=== Data block ===
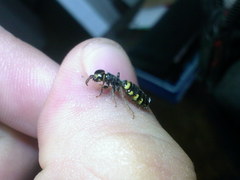 Thynnoidea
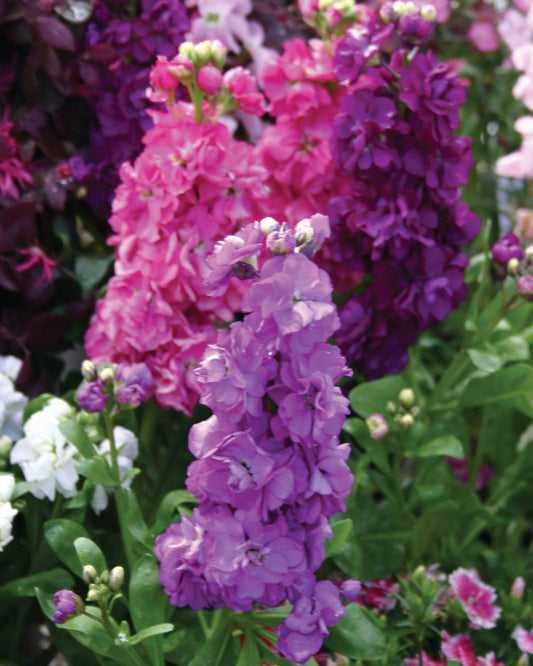 Stock Harmony Violet - View 10 from www redcrocus com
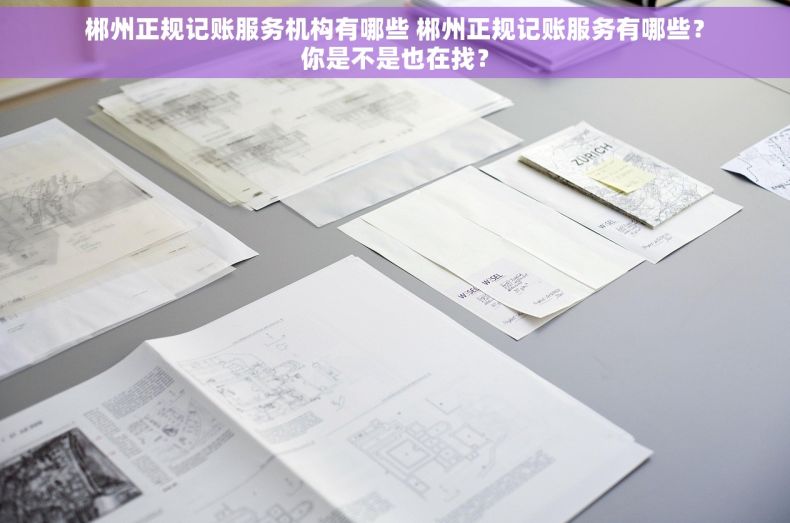 郴州正规记账服务机构有哪些 郴州正规记账服务有哪些？你是不是也在找？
===
# Work order
Restate word for word only the lines that run from the line holding "Stock Harmony Violet" to the end of the data, both ends kept, leaving every picture out.

# Your response
 Stock Harmony Violet - View 10 from www redcrocus com
 郴州正规记账服务机构有哪些 郴州正规记账服务有哪些？你是不是也在找？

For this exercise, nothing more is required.